--- DIRECTIONS ---
Please print, exactly, only the lines in the entries below from the line that has "Cracked Tooth Symptoms" through the line that has "синдром кольцевидной тени в легких". Pictures don't go in.

--- MATERIALS PROVIDED ---
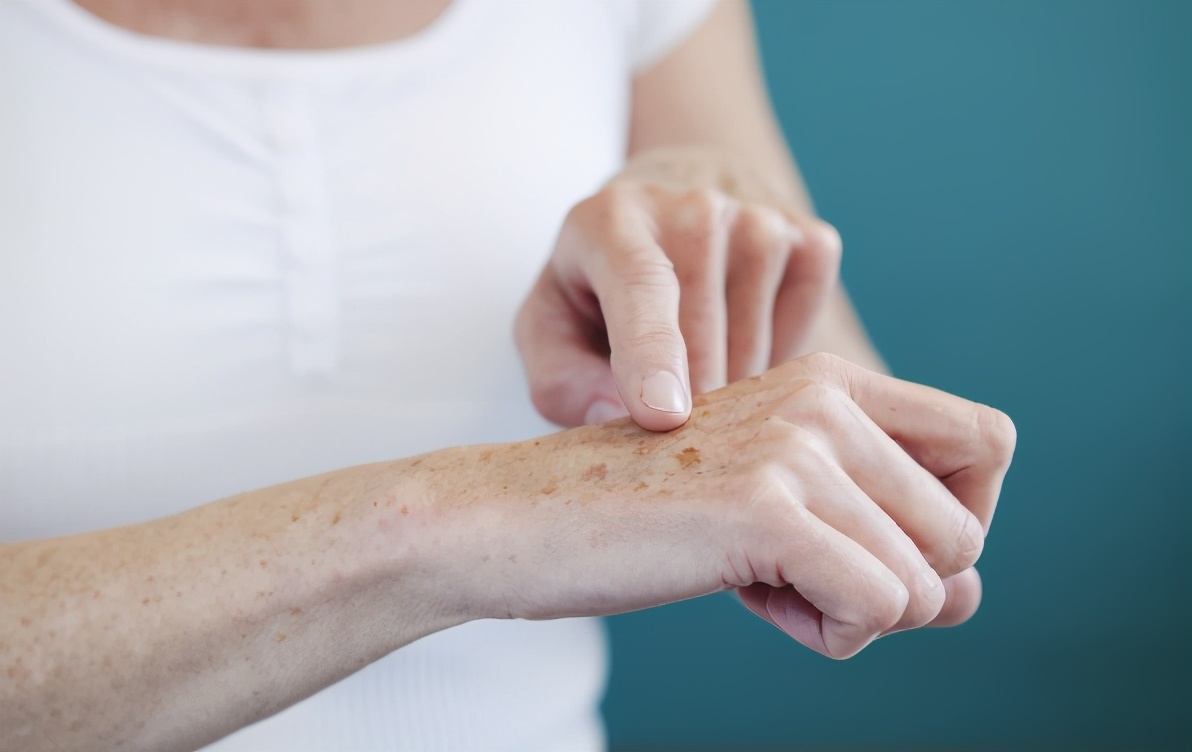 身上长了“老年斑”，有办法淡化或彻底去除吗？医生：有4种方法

==

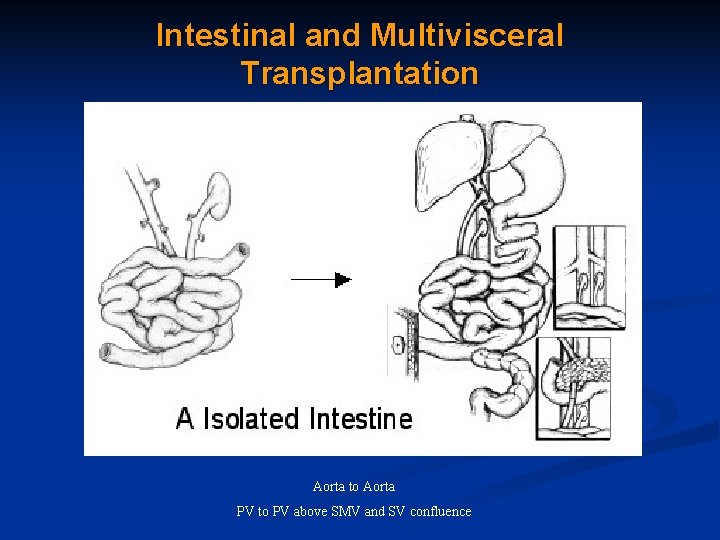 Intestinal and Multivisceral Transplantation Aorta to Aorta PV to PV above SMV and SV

--

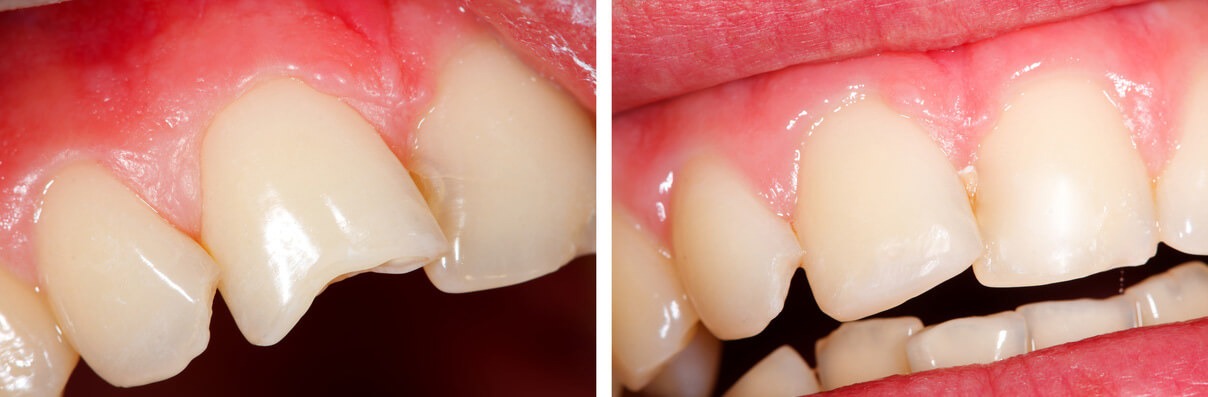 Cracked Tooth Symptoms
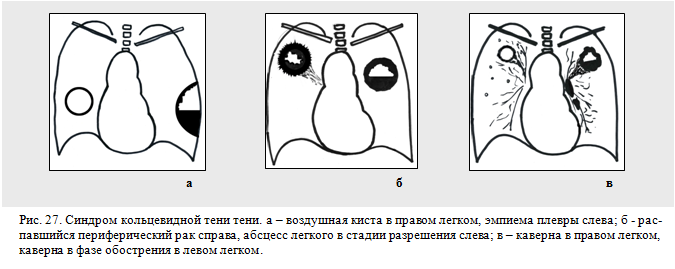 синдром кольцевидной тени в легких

--- ANSWER FOR THE TASK ---
 Cracked Tooth Symptoms
 синдром кольцевидной тени в легких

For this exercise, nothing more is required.